_What is required_
Wherever the string "Nissan" turns up in the data, copy the whole line.

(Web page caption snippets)
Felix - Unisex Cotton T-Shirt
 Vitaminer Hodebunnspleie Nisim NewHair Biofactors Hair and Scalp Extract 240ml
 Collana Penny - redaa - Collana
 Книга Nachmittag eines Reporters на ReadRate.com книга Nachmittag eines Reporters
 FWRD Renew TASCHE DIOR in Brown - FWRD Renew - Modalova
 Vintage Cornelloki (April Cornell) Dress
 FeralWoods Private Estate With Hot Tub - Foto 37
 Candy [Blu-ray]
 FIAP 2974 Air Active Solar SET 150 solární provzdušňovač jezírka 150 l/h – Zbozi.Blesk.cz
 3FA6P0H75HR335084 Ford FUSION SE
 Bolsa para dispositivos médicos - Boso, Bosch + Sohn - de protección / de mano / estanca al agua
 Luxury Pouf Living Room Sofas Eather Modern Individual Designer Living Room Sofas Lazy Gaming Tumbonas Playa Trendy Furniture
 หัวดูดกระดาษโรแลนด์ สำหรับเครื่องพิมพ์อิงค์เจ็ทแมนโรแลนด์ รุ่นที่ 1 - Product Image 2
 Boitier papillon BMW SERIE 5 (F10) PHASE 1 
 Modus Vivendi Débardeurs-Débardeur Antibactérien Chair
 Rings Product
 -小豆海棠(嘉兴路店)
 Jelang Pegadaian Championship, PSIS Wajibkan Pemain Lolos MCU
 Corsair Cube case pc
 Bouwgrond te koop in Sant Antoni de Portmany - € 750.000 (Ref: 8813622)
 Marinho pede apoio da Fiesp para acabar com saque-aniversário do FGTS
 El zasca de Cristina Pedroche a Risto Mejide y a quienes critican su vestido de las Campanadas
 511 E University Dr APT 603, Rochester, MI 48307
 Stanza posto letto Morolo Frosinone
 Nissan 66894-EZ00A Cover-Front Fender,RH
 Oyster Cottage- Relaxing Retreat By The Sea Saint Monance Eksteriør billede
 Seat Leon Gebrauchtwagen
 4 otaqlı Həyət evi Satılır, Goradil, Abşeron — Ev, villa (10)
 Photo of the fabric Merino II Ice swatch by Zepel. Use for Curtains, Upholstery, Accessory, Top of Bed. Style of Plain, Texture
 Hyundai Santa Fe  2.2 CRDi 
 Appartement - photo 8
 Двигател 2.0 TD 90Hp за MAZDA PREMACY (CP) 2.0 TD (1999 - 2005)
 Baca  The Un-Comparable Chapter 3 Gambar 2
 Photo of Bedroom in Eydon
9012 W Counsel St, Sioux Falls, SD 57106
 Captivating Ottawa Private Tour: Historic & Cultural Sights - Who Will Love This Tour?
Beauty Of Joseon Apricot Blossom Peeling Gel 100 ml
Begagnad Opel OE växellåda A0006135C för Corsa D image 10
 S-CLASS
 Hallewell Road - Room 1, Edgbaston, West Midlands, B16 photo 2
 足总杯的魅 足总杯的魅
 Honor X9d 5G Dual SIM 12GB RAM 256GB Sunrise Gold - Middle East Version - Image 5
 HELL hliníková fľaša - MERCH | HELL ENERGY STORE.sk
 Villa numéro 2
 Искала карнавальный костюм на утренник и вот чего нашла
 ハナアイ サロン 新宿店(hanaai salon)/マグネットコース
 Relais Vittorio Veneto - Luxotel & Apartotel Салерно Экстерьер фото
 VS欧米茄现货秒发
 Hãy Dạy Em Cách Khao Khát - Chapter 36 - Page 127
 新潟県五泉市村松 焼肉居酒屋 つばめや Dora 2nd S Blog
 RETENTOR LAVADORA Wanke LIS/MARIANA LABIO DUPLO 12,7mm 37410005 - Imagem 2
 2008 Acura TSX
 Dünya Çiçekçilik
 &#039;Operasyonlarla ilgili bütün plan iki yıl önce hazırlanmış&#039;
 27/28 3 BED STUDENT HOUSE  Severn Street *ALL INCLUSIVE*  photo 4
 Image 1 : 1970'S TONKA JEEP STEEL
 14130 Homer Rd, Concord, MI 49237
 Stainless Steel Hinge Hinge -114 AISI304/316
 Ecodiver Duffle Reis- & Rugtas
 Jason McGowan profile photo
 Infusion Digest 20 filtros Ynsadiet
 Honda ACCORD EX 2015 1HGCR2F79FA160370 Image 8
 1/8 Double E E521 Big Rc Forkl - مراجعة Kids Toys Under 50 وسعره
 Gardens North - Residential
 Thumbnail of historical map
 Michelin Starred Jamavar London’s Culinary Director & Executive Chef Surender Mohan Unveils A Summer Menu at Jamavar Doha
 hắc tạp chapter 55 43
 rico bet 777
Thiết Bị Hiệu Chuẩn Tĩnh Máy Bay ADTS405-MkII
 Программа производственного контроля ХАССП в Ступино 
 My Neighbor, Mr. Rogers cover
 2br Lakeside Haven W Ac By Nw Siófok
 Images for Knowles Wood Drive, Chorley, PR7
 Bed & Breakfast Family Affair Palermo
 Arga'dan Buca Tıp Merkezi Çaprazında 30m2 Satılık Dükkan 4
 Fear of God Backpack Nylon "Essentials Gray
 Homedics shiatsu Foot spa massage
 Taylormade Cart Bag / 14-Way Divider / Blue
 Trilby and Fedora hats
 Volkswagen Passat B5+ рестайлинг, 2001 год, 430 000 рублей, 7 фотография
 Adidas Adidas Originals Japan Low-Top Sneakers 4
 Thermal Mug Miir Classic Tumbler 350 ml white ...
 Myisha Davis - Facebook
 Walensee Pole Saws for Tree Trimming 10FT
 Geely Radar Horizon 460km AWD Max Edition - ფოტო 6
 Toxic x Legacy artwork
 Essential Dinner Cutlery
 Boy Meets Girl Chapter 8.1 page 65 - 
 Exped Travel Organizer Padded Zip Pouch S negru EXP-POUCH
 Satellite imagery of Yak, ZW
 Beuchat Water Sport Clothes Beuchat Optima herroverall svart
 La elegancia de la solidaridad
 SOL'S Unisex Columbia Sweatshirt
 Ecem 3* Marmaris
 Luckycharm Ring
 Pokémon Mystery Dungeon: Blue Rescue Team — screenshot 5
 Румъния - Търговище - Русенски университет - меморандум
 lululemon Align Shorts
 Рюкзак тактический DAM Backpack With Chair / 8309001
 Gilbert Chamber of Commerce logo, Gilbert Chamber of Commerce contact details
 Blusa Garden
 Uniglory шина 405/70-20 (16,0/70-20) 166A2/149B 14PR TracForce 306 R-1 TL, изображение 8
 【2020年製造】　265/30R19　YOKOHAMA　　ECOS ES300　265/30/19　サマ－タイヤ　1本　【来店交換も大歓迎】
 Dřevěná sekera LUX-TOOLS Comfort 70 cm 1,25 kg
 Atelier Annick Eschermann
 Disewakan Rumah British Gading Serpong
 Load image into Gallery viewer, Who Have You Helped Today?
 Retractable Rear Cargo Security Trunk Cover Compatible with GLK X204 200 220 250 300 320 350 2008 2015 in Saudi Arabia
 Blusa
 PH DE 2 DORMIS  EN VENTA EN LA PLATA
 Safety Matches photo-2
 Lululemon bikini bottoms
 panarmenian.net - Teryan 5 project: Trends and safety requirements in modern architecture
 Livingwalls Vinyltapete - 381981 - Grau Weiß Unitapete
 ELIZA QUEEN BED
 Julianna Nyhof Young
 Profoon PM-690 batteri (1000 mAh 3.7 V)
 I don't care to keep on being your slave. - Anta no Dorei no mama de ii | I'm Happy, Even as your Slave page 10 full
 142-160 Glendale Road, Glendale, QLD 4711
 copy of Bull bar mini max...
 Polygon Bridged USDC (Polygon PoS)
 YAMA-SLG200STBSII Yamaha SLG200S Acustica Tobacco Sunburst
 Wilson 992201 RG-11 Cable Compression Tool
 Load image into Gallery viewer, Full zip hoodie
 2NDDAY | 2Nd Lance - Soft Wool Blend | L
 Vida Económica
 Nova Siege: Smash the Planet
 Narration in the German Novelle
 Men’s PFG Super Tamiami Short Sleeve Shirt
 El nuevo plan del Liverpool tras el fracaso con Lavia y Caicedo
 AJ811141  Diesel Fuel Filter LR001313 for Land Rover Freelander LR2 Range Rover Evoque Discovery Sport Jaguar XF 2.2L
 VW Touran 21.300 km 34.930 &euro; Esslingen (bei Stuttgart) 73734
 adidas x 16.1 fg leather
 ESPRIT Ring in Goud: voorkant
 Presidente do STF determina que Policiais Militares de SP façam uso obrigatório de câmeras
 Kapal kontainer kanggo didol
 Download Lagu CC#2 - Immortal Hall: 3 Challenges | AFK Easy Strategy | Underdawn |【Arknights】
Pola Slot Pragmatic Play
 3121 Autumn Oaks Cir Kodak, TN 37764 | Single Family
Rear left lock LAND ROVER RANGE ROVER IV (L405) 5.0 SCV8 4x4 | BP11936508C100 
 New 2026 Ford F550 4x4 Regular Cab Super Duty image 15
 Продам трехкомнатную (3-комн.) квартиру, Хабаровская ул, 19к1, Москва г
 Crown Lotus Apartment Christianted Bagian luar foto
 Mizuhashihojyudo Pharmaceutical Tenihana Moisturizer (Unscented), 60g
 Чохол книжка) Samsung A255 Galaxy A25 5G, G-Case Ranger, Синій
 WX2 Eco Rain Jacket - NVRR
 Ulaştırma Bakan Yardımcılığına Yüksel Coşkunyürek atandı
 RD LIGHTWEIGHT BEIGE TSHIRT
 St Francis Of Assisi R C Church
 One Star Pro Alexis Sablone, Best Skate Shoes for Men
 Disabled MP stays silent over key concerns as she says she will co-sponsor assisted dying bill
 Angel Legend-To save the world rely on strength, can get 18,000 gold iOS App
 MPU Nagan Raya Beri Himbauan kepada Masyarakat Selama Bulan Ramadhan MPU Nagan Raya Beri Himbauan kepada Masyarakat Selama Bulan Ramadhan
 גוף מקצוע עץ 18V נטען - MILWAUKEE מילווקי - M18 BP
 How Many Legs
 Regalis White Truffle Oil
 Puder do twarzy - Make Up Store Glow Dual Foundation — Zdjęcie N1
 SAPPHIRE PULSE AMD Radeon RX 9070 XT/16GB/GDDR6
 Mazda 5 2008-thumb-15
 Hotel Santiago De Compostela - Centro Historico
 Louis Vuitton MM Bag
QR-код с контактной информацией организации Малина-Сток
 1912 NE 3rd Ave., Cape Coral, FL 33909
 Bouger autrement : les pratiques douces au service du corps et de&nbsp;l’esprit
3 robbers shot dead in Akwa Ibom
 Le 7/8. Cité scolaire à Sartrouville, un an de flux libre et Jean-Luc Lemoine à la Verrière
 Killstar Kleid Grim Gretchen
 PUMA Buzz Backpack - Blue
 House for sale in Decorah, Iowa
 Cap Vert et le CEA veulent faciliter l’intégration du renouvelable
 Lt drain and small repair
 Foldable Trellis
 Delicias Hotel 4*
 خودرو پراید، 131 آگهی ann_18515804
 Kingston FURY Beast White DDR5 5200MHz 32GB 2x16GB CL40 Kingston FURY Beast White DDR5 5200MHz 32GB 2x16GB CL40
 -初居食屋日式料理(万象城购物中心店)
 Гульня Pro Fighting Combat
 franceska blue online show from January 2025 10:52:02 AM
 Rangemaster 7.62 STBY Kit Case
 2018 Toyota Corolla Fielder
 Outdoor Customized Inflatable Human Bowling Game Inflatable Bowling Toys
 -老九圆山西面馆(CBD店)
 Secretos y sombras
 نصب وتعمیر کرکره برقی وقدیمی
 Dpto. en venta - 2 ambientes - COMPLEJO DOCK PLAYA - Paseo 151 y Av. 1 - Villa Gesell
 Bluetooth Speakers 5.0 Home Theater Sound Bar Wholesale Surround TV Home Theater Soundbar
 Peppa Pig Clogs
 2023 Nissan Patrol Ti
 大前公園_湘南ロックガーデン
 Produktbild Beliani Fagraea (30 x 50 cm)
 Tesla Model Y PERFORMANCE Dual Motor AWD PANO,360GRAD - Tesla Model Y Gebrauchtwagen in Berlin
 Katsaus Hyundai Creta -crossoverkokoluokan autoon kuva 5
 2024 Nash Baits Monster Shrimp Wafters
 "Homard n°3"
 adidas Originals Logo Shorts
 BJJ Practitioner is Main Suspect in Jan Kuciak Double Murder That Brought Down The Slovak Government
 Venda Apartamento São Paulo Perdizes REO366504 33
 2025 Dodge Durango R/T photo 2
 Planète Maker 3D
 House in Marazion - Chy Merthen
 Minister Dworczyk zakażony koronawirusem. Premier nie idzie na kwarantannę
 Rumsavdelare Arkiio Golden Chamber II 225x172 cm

_Solution to the exercise_
 Nissan 66894-EZ00A Cover-Front Fender,RH
 2023 Nissan Patrol Ti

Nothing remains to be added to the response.